My wife is a kitchen ninja.
If you’ve been following my blog, you know by now that I’m fat, my wife is fat, and we’re trying to fix that with a low-carb diet. My wife has lost 60 pounds despite being pregnant, and I…haven’t. I blame the chocolate. (Just kidding, I only eat good chocolate, and only in moderate amounts. Really, I blame the corn starch and sugar I put in my Chinese sauces, and the cane juice in my Trio(TM) bars, and the strange diet my mother was on while I was in the womb.
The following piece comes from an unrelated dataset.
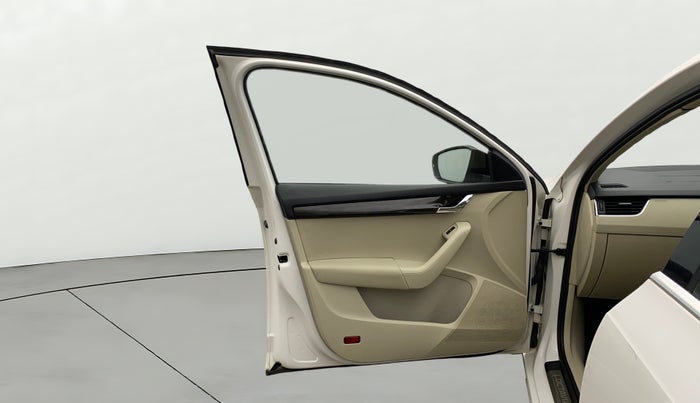 2017 Skoda Octavia STYLE PLUS AT 1.8 TSI, Petrol, Automatic, 50,858 km, LHS Front Door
Don’t worry, I don’t blame you, Mom.)
Regardless, my wife has managed to come up with some dishes since we started this diet that we would never have eaten without ditching the carbs and concentrating on the good stuff. The other day, we brought a Northern Italian dish (did I mention my wife is half Italian?) to a friend’s house, and we wowed them with it, even though I screwed it up. I figured I’d share it with all y’all.
Chicken Saltimbocca, Maj Style
4 chicken breasts, sliced lengthwise into 2 fillets each
fontina cheese, sliced
prosciutto, sliced
raw milk (minimal)
unbleached flour (minimal)
butter
dry white wine (lots; at least a cup)
raw cream (match the wine)
It’s simple: you wrap the prosciutto around the cheese, then you wrap the chicken fillets around the prosciutto. Use toothpicks to hold it all together if need be. Then, dip the wrap into milk, then roll it lightly in flour, then put it into a buttered flat pan on Medium for about 20 minutes. Flip, 20 more minutes.
Remove and set the meat aside. Some (most) of the flour will come off in this process, that’s desirable. The important part is that it tenderizes the chicken, then falls off to thicken the sauce we’re about to make. Once the meat is out, add half of your wine and crank it up to High. Once the wine boils halfway down, add the rest of the wine, your cream, and put the chicken back in. Turn it down to Medium and let simmer for 5 minutes with the top off, then 10 with the top on (which will boil the alchohol off, but finish cooking the chicken).
Serve with asparagus, green beans, or some other crunchy, flavorful vegetable.
That sounds really tasty. I’m going to have to create it. I think that asparagus will be my vegetable to pair it with. Raw milk is hard to come by in Houston though but heavy cream will replace it (maybe too sweet?).
alterego
May 29, 2008
Note: because you’re cooking the milk and the cream, my wife pointed out that they don’t have to be raw.
Essence
May 29, 2008
Your wife is a genius and I (obviously) am not.